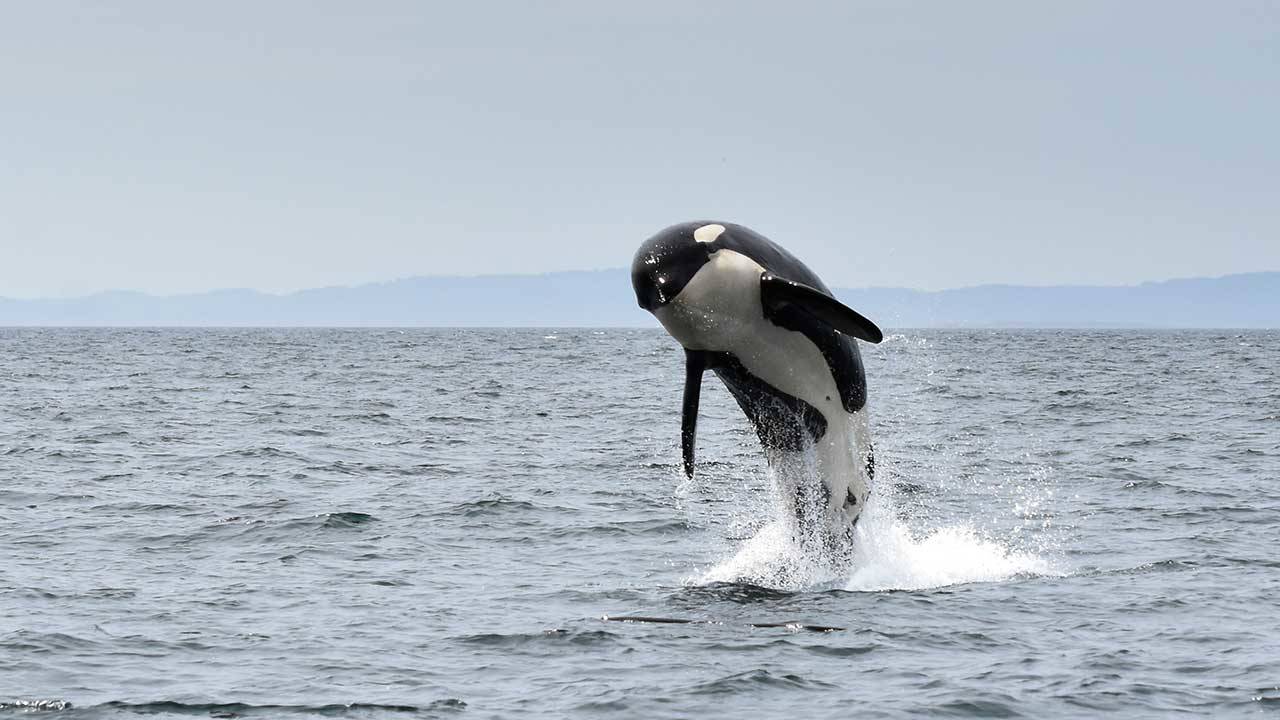 The southern residents depend on chinook as their primary food source, but less fish has led several orcas to die of malnourishment in recent years (Heather Macintyre Photo).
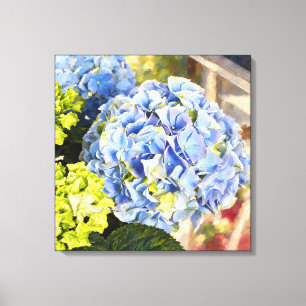 Lienzo Hortensia Azul Iluminada por el Sol Jardín de Camp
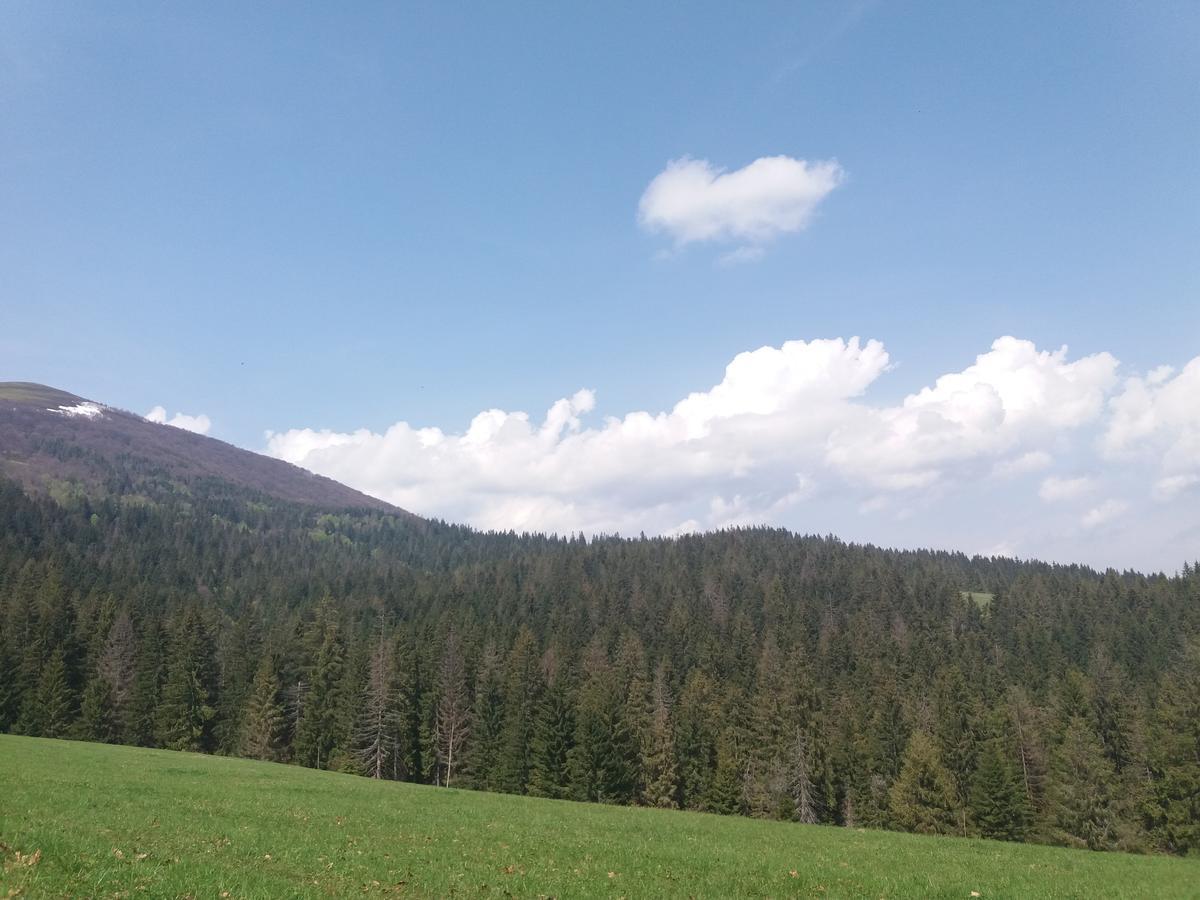 Верховинський Котедж Bukovets Bagian luar foto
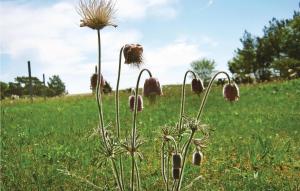 a bunch of flowers in a field of grass at Holiday Home Katthammarsvik 21 in Katthammarsvik
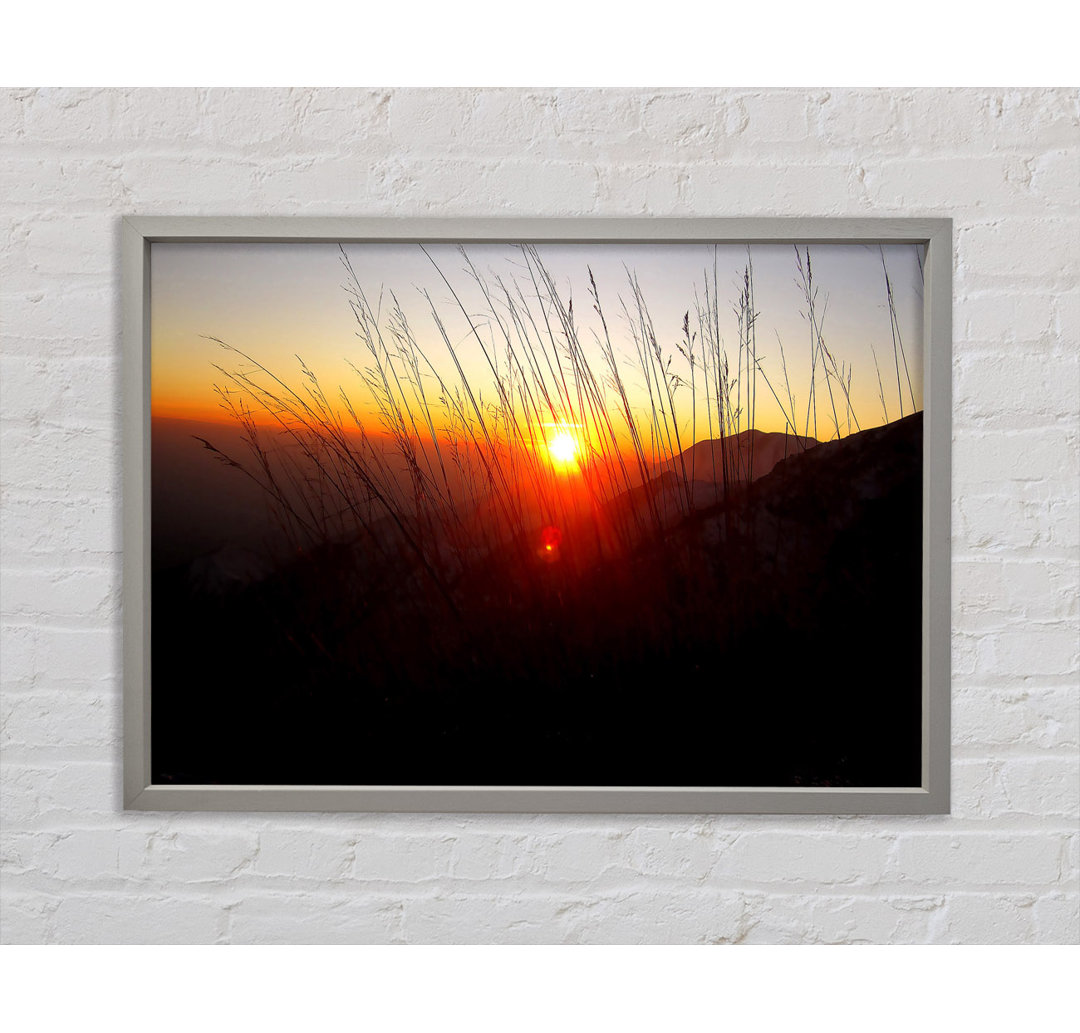 Dusk Through The Reeds - Einzelbildrahmen Kunstdrucke auf Leinwand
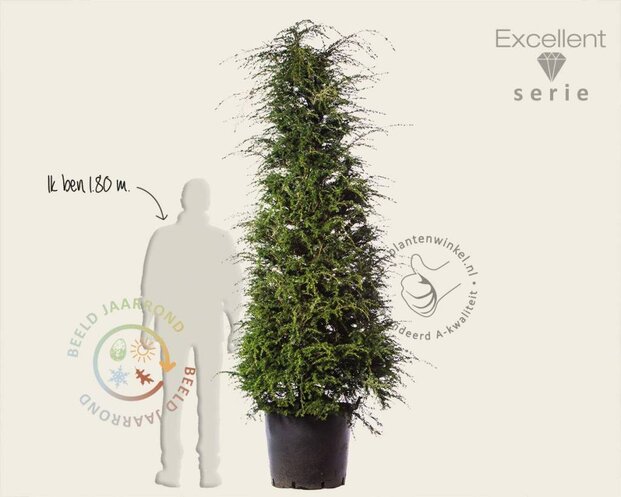 Tsuga heterophylla 200/250 - Excellent
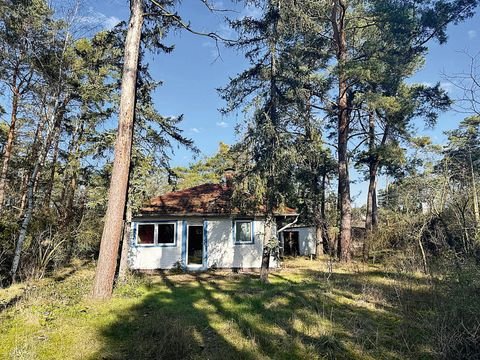 Am Mellensee Grundstücke, Am Mellensee Grundstück kaufen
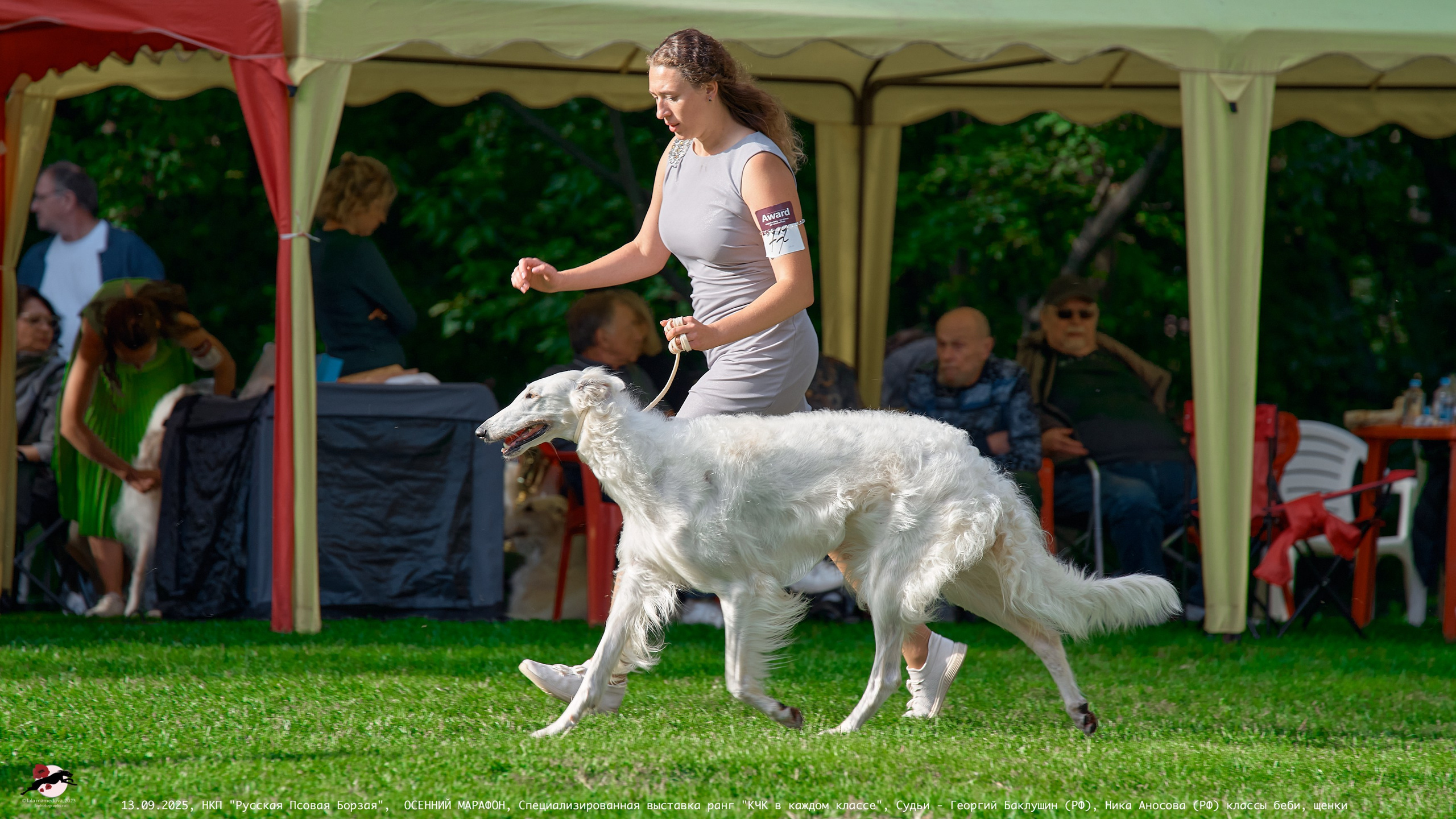 ОСЕННИЙ МАРАФОН | Специализированная выставка породы Русская Псовая Борзая ранг "КЧК в каждом классе"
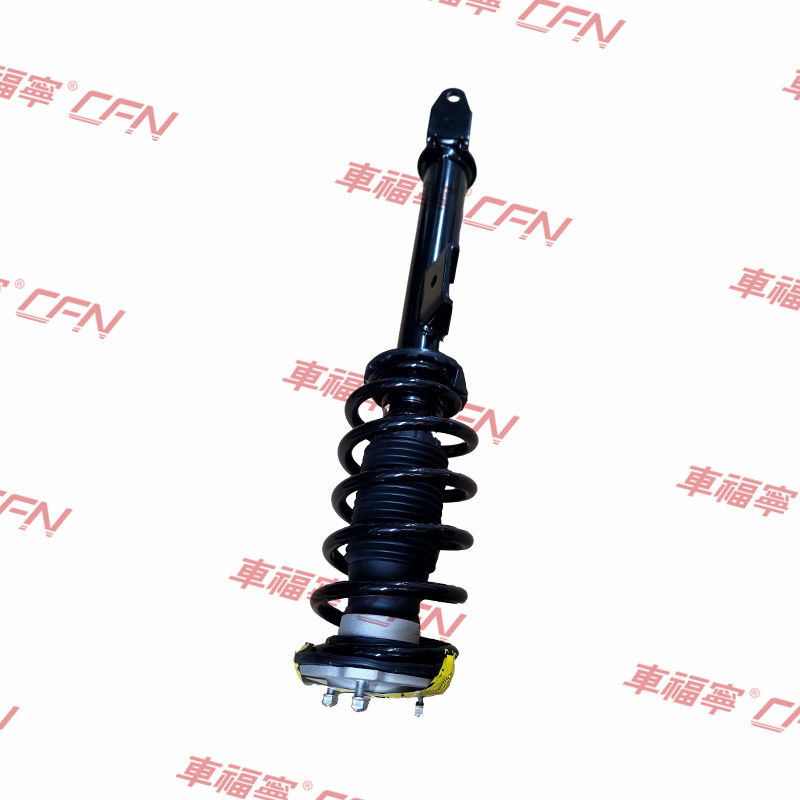 Front Left Shock Absorber Strut Assembly Fit Tesla Model 3 M3 5YJ3 RWD 2017-2023 Bran PIG IRONd Parts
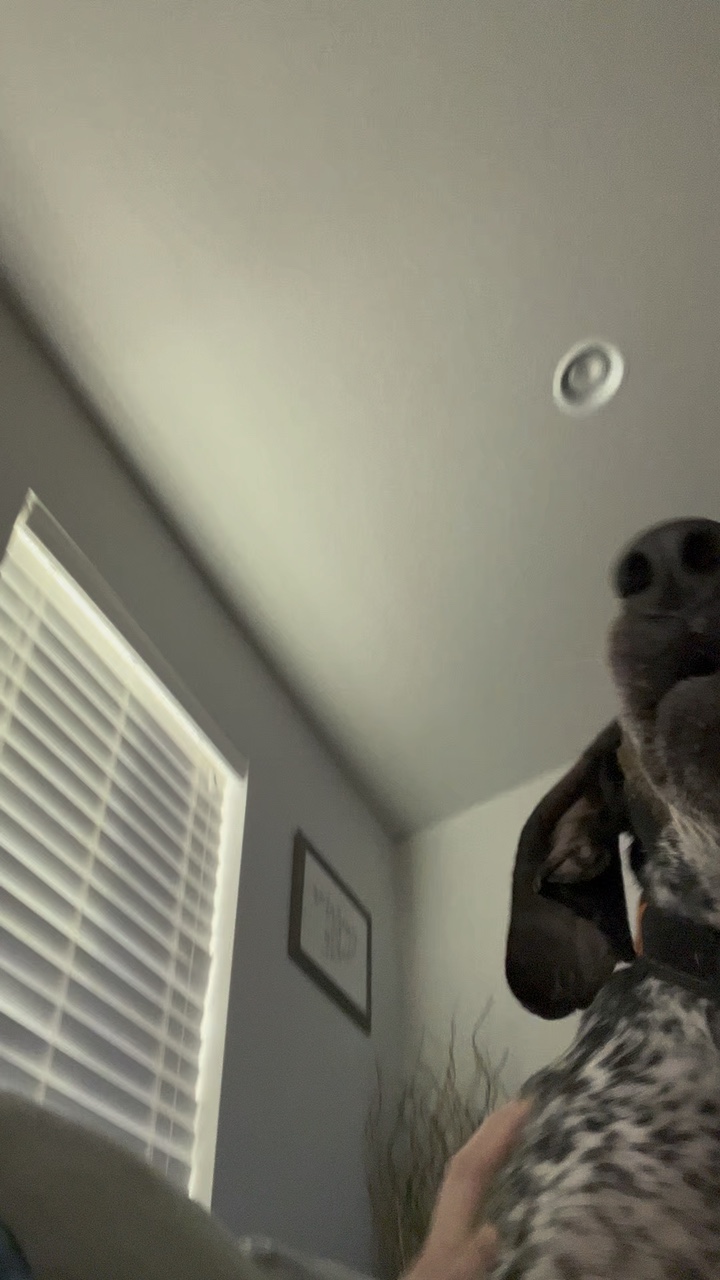 I mess with huck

- Instructions to follow: No pictures belong in the copy. Transcribe every entry exactly.

- Written solution:
 The southern residents depend on chinook as their primary food source, but less fish has led several orcas to die of malnourishment in recent years (Heather Macintyre Photo).
 Lienzo Hortensia Azul Iluminada por el Sol Jardín de Camp
 Верховинський Котедж Bukovets Bagian luar foto
 a bunch of flowers in a field of grass at Holiday Home Katthammarsvik 21 in Katthammarsvik
 Dusk Through The Reeds - Einzelbildrahmen Kunstdrucke auf Leinwand
 Tsuga heterophylla 200/250 - Excellent
 Am Mellensee Grundstücke, Am Mellensee Grundstück kaufen
 ОСЕННИЙ МАРАФОН | Специализированная выставка породы Русская Псовая Борзая ранг "КЧК в каждом классе"
 Front Left Shock Absorber Strut Assembly Fit Tesla Model 3 M3 5YJ3 RWD 2017-2023 Bran PIG IRONd Parts
 I mess with huck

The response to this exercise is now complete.